For the best result, we recommend scan settings of 300 DPI, Black & White (if possible). Note that the accuracy of the conversion is dependent on the quality of your document.
Converting a Scanned PDF FiIe
- As usual, open your PDF using one of the "Open File" options.
- If the document has not been previously run through an OCR engine, you will see a prompt notifying you that this is a scanned PDF and OCR Mode is going into effect. Just click "OK" and let it do its thing.
- If your page is rotated or the data is skewed, use the rotation buttons on the Source pane toolbar or the Fine Rotation options in the "OCR" menu.

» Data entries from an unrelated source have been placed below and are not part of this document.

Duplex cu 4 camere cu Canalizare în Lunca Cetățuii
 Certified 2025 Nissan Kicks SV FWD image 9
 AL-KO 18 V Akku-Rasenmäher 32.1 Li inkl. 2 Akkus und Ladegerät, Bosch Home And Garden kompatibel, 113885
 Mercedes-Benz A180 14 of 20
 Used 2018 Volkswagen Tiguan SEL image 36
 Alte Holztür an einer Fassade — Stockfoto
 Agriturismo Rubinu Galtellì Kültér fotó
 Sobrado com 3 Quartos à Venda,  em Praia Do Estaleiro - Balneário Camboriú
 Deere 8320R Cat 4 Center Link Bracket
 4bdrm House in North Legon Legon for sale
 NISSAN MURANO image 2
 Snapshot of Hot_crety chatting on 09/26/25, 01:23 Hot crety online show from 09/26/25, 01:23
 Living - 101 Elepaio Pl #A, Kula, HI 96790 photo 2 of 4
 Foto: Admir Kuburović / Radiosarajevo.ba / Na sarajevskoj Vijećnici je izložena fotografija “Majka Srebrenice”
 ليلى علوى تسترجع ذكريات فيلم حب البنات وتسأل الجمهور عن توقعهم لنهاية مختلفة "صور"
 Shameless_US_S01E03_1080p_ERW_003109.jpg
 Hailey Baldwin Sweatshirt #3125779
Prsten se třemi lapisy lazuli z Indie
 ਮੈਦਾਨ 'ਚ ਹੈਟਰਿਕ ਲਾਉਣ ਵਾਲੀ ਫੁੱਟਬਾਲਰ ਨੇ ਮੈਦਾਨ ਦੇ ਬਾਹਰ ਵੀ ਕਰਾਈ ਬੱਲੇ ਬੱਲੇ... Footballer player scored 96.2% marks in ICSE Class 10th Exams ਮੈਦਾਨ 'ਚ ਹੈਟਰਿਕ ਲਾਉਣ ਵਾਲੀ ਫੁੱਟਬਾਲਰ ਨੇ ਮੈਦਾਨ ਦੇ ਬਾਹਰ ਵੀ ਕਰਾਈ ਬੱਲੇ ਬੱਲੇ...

- Create your layout, splitting and merging columns where necessary.
- There are additional settings you can adjust in the OCR Options section.
- If your document is in another language, you can select it from the dropdown or use the "Add Languages" button to import it.
- The OCR Tweaking settings at the bottom allow you to adjust how the OCR recognizes the data. Use "Threshold" when the page is too light or too dark. Use "Despeckle" if there happens to be a lot of noise on the page. "Remove Lines" will try to clear out any vertical and horizontal lines, and "Force DPI" will affect the dots per inch to try and provide more clarity. Since these settings are based entirely on the quality of your document, there is no recommended adjustment - you simply need to play with it until you have the best possible outcome.
- When you are ready to convert, make sure you have selected the number of pages you want to convert in the Convert Pages field of the "Convert" menu. By default, this is set to convert all the pages in your document.
- Click the "Convert Document" button.
- You will see a prompt asking you to validate your document. This is optional, but it allows you to correct any errors that the tweaking did not fix before you convert it.
- When you agree to validate, another prompt will appear. This one grabs the words that the OCR does not recognize perfectly. If the word in the "Suggested word" field is correct, you can click "Accept". If it is incorrect, you can type in the correct word and "Accept". You can click "Done" at any time to close the validation prompt.
- Once validation is complete, the application will complete the conversion.
Poor Conversion
If your conversion isn't accurate and you've done all you can using the OCR tools, there are a few things you can look at to determine why you ended up with this result.
Open the PDF in Adobe Acrobat Reader and view it at high zoom (800-1000%)
- Is the background clean?
- Are there different background colors?
- Are there pixels around the text?
- Are there any watermarks or handwritten text?
- Any vertical or horizontal dividers in the table?
- Any language that is not European? The current OCR can only recognize Latin text. (Go here to see a list of supported languages)
Any of the above issues can affect your result.